Poverty Reduction Through Innovative Microfinance Services
Women perform 66% of the world’s work but earn only 10% of its income and own just 1% of global property (Global Poverty Project). They are more likely than men to be poor and at risk of hunger because of the systematic discrimination they face in education, healthcare and employment. Women also experience much higher levels of financial exclusion and face persistent discrimination when they apply for credit. This means that many impoverished women cannot access the capital to invest in income-generating activities and remain trapped in a cycle of poverty and subsistence living. One way to break this cycle and provide a sustainable route out of poverty is through microfinance.
I am the Founder and CEO of MicroLoan Foundation, a microfinance charity working in sub-Saharan Africa. I founded the charity 10 years ago, and have seen firsthand how microfinance can change the lives of individuals and whole communities. I have seen how a small amount can go an incredibly long way to providing long-term, sustainable change.

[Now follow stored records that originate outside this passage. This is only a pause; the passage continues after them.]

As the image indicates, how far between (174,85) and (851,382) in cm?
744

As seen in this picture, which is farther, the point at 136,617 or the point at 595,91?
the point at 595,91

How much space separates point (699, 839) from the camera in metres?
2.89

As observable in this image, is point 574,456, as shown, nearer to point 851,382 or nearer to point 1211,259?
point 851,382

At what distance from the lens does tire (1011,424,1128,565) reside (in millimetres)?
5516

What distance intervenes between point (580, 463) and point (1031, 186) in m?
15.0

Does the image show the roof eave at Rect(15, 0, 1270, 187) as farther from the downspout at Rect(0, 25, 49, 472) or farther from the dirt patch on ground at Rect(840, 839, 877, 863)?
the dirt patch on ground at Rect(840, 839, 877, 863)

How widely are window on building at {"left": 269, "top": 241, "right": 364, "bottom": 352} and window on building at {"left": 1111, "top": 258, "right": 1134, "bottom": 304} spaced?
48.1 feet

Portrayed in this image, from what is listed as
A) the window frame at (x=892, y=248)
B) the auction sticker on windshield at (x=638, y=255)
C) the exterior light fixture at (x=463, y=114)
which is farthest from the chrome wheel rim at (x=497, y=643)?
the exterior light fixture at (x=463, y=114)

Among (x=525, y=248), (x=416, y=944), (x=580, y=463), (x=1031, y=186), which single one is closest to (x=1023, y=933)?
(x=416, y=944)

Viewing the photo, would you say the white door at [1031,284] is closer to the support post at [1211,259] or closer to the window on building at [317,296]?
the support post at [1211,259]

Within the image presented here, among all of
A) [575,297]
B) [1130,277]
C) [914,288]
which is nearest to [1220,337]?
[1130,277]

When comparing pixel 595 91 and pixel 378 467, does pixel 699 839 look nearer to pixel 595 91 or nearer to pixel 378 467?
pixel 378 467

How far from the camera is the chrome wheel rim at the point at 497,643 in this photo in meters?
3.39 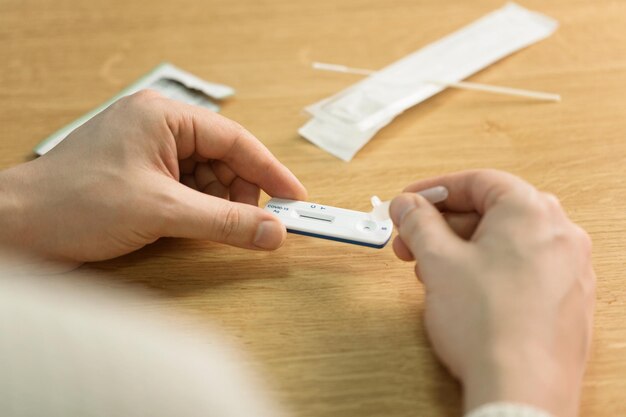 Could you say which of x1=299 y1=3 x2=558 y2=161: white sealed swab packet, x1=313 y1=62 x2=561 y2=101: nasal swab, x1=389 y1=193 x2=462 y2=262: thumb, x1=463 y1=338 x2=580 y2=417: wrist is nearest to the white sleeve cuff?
x1=463 y1=338 x2=580 y2=417: wrist

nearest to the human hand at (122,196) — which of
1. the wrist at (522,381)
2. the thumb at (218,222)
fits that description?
the thumb at (218,222)

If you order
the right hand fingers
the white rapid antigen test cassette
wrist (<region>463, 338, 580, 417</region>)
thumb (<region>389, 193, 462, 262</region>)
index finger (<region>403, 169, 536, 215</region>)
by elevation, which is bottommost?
wrist (<region>463, 338, 580, 417</region>)

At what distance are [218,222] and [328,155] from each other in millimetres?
192

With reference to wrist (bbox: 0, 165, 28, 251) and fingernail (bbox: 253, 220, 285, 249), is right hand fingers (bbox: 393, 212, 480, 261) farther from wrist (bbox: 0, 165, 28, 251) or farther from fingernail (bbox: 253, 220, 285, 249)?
wrist (bbox: 0, 165, 28, 251)

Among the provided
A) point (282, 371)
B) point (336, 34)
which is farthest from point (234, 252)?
point (336, 34)

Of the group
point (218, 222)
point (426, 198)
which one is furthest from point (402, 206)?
point (218, 222)

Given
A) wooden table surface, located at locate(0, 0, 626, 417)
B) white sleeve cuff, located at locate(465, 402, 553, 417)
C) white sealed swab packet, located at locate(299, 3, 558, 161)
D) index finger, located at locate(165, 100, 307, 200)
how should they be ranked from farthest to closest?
white sealed swab packet, located at locate(299, 3, 558, 161) < index finger, located at locate(165, 100, 307, 200) < wooden table surface, located at locate(0, 0, 626, 417) < white sleeve cuff, located at locate(465, 402, 553, 417)

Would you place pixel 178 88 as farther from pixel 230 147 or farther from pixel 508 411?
pixel 508 411

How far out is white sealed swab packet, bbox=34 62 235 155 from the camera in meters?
0.78

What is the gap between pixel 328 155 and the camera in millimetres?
703

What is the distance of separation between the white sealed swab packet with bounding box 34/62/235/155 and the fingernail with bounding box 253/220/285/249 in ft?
0.85

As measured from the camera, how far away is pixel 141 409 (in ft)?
1.05

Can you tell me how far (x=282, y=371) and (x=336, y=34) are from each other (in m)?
0.53

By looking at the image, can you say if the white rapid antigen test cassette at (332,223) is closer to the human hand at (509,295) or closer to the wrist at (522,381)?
the human hand at (509,295) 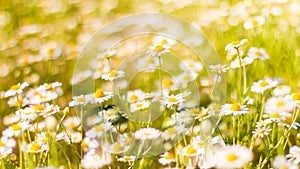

Microfinance, attributed to banker Muhammad Yunus in 1970s Bangladesh, is the provision of financial services to those lacking access to formal banking. More often than not, therefore, microfinance services are targeted at providing loans to poor people. Proponents of microfinance argue that it provides a sustainable and empowering route out of poverty and often into employment as loans tend to be invested in setting up and growing small businesses. Its critics, however, highlight issues of debt, and question the effectiveness of microfinance at tackling long-term poverty.
Traditionally, pro-poor microfinance services, usually in the form of small loans lent to poor people to establish and grow small businesses, are considered “good” microfinance and are proving highly successful in lifting communities out of poverty. In recent years, however, we are increasingly seeing the rise of what we would term “bad microfinance” with microfinance institutions (MFIs) offering a form of ‘pay day loan’. These forms of loans are particularly prominent in urban areas of developing countries, where loans can be disbursed easily, and with unaffordable rates of interest for the recipients. Pay day loans differ fundamentally from pro-poor microfinance services in that they operate for financial gain and the enforcement of loan repayments are often supported by the use of unscrupulous debt collection practices.
Negative coverage of pay day loans in the UK has been prominent in the press over the last week or so when the Archbishop of Canterbury announced he wanted the Church of England to force pay day companies out of business by competing against them. He has said he plans to expand the reach of credit unions, which provide small loans to their members, as part of a long-term campaign to boost competition in the banking sector.
From a personal perspective, I decided something needed to be done to support poor women when I travelled to Malawi in the nineties. I saw the disparity between rich and poor and realised the need and opportunity for a microfinance service in sub-Sahara Africa, so in 2003 I founded the MicroLoan Foundation. Malawi is the eighth poorest country in the world and I realised that by setting up the Foundation, we could empower women to set up small businesses and work themselves and their families out of poverty, thus supporting the development of entire communities
At MicroLoan Foundation, we made the decision to target our small loans and business training solely towards women, as research has shown that women tend to invest approximately 90% of the profits back into their families and communities. We have been operating for over 10 years now, and year on year we see thousands of women investing their business profits in food for their families and education for their children. The fruits of their businesses are not only transforming their lives, but that of their families and entire communities. And this is exactly what I wanted to see when I set up the organisation over 10 years ago.
Something that really sets MicroLoan Foundation apart from other MFIs, is the extensive and participatory training and on-going mentoring MicroLoan provides the women, alongside its loans. This training and support ensures that the women are educated on a whole host of important topics such as marketing and budgeting, ensuring that their businesses are a success. Through the services we provide, our 29,000+ beneficiaries develop small, sustainable businesses, which generate profits and savings, increase household spending on healthcare, dietary consumption and education. Unlike ‘pay day loans’, our focus is on lifting these women out of poverty, and seeing lasting, positive change. We do not make a profit, and the interest we charge exists only to cover the costs of delivering our services which, as we operate in isolated rural environments, are high.
No single intervention can overcome global poverty, but I believe that small steps, and small amounts of money, targeted in the right way, can make a huge impact. Good microfinance can change a whole family’s life, and in time can change a whole community, and maybe even a whole country. Despite its criticism, the huge positive impact that microfinance can have is still being recognised, with philanthropists, social investors, local banks, governments and international institutions setting up programmes (Forbes). I think this is testament to the potential for microfinance to continue encouraging development globally over the next decade.